● TO DO
Everything from the line containing "Thorin 120Cm Linear Pendant Light" through the line containing "Замок запалювання FEBI BILSTEIN 45503" in the listing below should be copied exactly, and nothing more.

[EXERCISE INPUT — start]

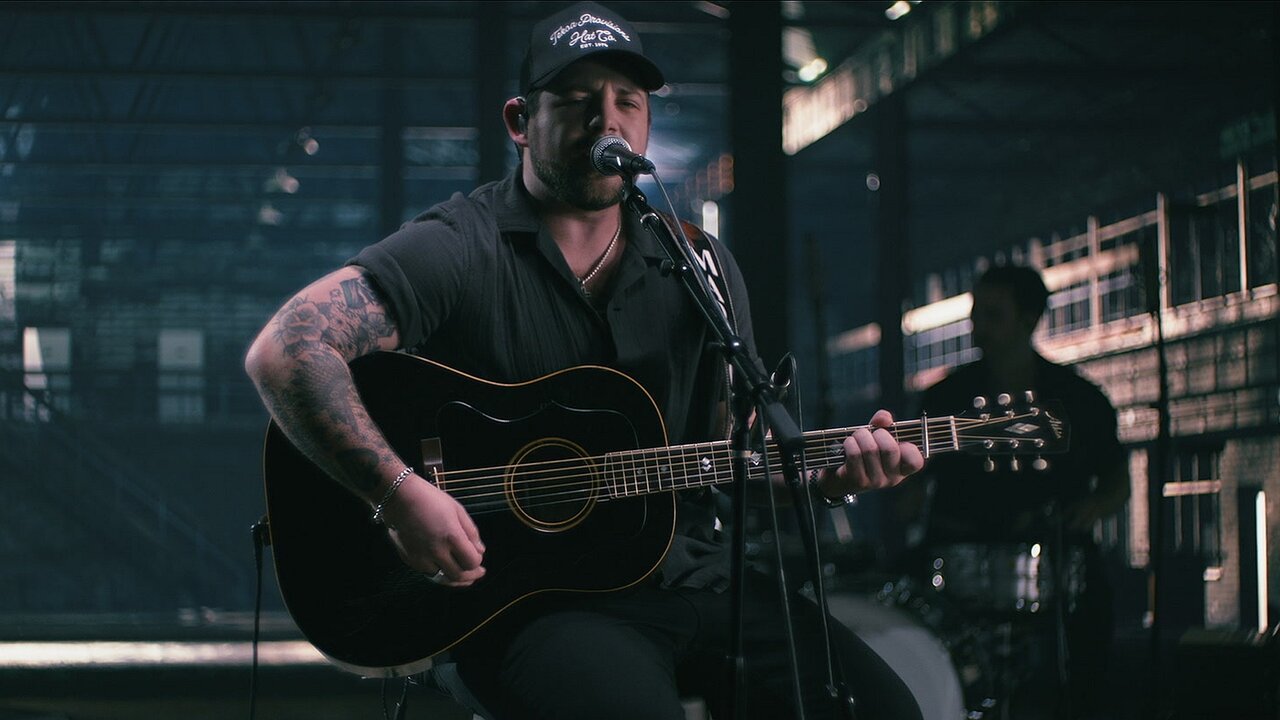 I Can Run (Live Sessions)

[EXERCISE INPUT — finish]
[EXERCISE INPUT — start]

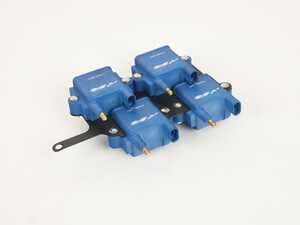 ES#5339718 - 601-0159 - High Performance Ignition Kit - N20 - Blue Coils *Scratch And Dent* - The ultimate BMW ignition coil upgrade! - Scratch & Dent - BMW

[EXERCISE INPUT — finish]
[EXERCISE INPUT — start]

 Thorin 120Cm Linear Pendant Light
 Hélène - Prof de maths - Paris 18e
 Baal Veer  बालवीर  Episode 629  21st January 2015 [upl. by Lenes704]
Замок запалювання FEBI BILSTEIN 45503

[EXERCISE INPUT — finish]

● ANSWER FOR THE TASK
 Thorin 120Cm Linear Pendant Light
 Hélène - Prof de maths - Paris 18e
 Baal Veer  बालवीर  Episode 629  21st January 2015 [upl. by Lenes704]
Замок запалювання FEBI BILSTEIN 45503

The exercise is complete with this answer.